Sabato, il cancelliere austriaco Karl Nehammer ha dichiarato che “l’aspetto cruciale è che siamo venuti tutti qui, che stiamo parlando, che molte nazioni e continenti diversi stanno dialogando… È l’essenza di questa conferenza. La pace e i processi di pace richiedono tempo, bisogna avanzare millimetro dopo millimetro”.
Trovare un equilibrio nel comunicato congiunto del vertice, tra la ferma condanna dell’invasione russa e una formulazione che potesse ottenere il più ampio sostegno possibile, era il principale compito dei diplomatici presenti all’evento.
Riportare l’attenzione sull’Ucraina
L’incontro ha anche cercato di riportare l’attenzione sulla guerra in Ucraina in un momento in cui è un po’ oscurata dal conflitto a Gaza, dalle elezioni nazionali e da altre preoccupazioni. Il primo ministro canadese Justin Trudeau è stato l’unico leader del G7 a partecipare a entrambi i giorni della conferenza. La vicepresidente statunitense Kamala Harris, il presidente francese Emmanuel Macron e il premier giapponese Fumio Kishida hanno lasciato la conferenza dopo poche ore. Il cancelliere tedesco Olaf Scholz è tornato a Berlino domenica mattina. Le delegazioni hanno comunque continuato a discutere.
Domenica Trudeau ha dichiarato che il Canada intende ospitare nei prossimi mesi una riunione a livello di ministri degli Esteri per portare avanti il lavoro sul costo umano della guerra in Ucraina.
Nonostante i passi in avanti più o meno importanti compiuti questo fine settimana al Bürgenstock, le posizioni tra la Russia e l’Ucraina e i suoi alleati occidentali restano distanti anni luce.
Il consigliere per la sicurezza nazionale statunitense Jake Sullivan ha respinto domenica la proposta di pace presentata da Putin, definendola irragionevole e affermando che soddisfare le richieste di Mosca renderebbe Kiev ancora più vulnerabile a ulteriori aggressioni.

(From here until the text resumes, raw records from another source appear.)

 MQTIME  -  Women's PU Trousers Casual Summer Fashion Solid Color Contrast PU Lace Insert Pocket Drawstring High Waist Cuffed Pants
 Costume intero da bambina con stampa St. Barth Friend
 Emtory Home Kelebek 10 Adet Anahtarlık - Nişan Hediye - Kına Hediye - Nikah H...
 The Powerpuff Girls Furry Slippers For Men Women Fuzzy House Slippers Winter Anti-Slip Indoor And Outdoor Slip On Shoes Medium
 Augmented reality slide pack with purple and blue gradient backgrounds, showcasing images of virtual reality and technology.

“Non solo l’Ucraina deve rinunciare al territorio attualmente occupato dalla Russia, ma deve anche lasciare a Mosca altre porzioni di territorio”, ha rilevato Sullivan. Inoltre, l’Ucraina sarebbe obbligata al disarmo “in modo da essere vulnerabile a future aggressioni russe”.
“Nessuna nazione responsabile può dire che questa sia una base ragionevole per la pace. È una sfida alla Carta delle Nazioni Unite, alla moralità e al buon senso”, ha detto Sullivan.

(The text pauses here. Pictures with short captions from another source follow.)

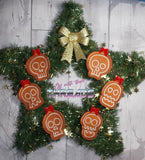 DIGITAL DOWNLOAD Gingerbread Skull Bookmark Ornament Gift Tag SET OF 6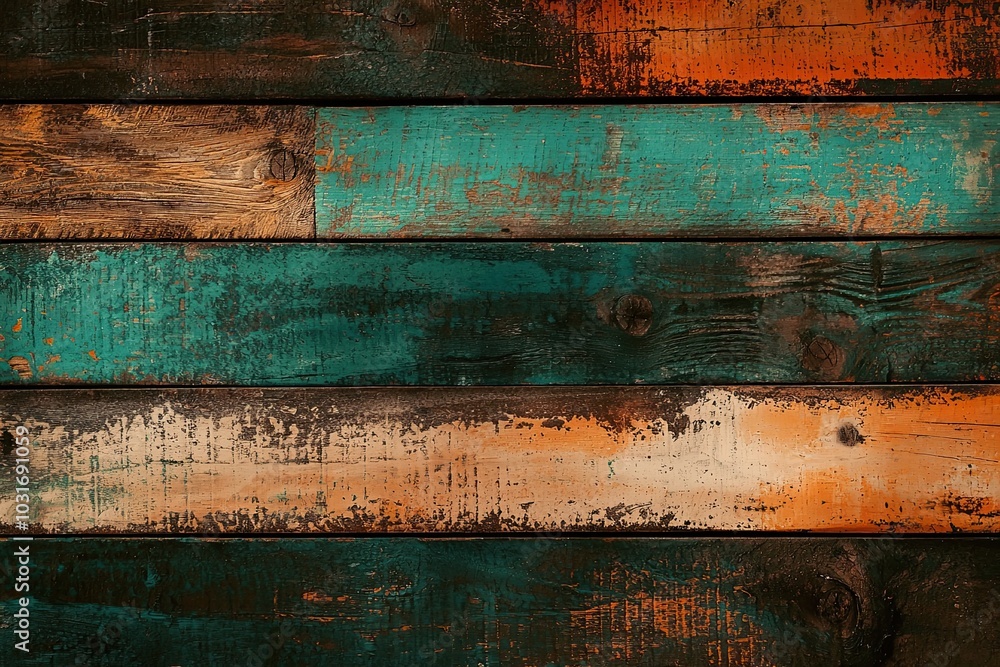 Obraz premium Dark blue and brown old wooden background with the texture of weathered wood planks. Wooden wall, a rustic background for design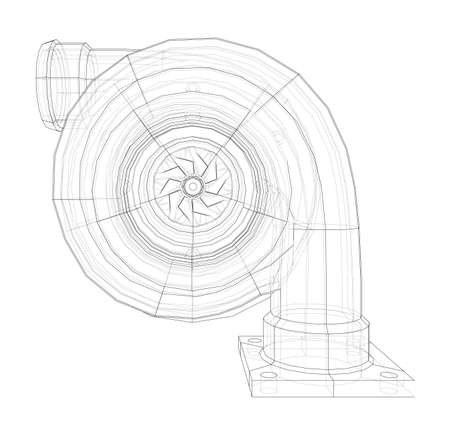 Automobile turbocharger concept outline. Vectorのイラスト素材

Da parte sua, Putin non esclude colloqui con l’Ucraina, ma rifiuta di parlare con l’attuale presidente ucraino. Zelensky “non è la persona con cui si può registrare un accordo per iscritto perché de jure questa registrazione sarà illegittima”, ha dichiarato domenica il portavoce del Cremlino Dmitri Peskov.
E adesso? Zelensky ha detto domenica che la conferenza in Svizzera dovrebbe essere presto seguita da un secondo incontro. I preparativi richiederebbero solo mesi e non anni, ha precisato, aggiungendo che alcuni Stati hanno già segnalato la loro disponibilità a ospitare un tale vertice. Il comunicato finale non fa invece menzione di una seconda conferenza.